Выбрать главу

Терентию было жарко, тело – мокрое, и нижнее белье, чувствовал, хоть выжимай. Он страшился опозориться перед товарищами, попасть впросак и старался изо всех сил не потерять из виду в метельной поземке валенки впереди ползущего, поспеть за ним.

На чужой блиндаж группа натолкнулась неожиданно. «Валенки» замерли. Терентий с маху стукнулся о них лбом, даже шапка из-под капюшона масхалата скользнула на глаза.

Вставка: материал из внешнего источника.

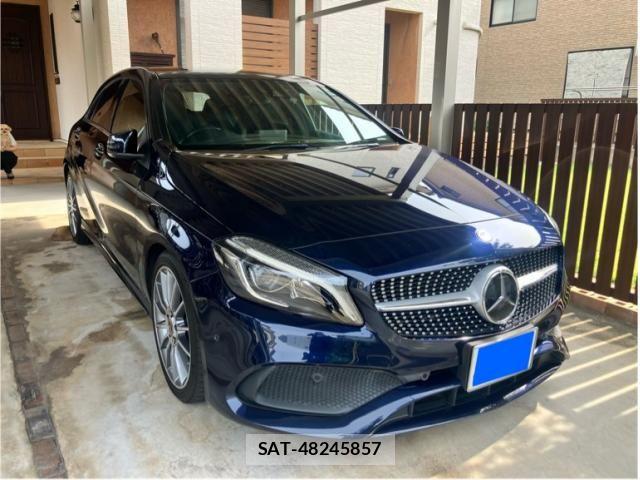 Mercedes Benz A-CLASS 2018-06 7501419-1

Старший группы, сержант Омельчук, выслал вперед Крюкова, и тот, вернувшись, доложил, что блиндаж находится метрах в ста от линии окопов, видимо, секрет на случай атаки наших войск – очень удобно вести фланговый огонь. Блиндаж, как полагается, имеет два входа и по разговору – там финны.

– Совсем, гады, не боятся, думают – в метель никто до них не доберется, – подытожил доклад Крюков.

Омельчук решил, что двое ворвутся с одной стороны в блиндаж, один разведчик останется у входа для страховки. Терентию приказали стеречь другой выход. И Крюков улыбнулся ему, прошептав:

– Ты не робей, воробей! Как полезут из блиндажа, ты им по кумполу – и готово. Вот так! – и показал: резко саданул кулаком кого-то невидимого.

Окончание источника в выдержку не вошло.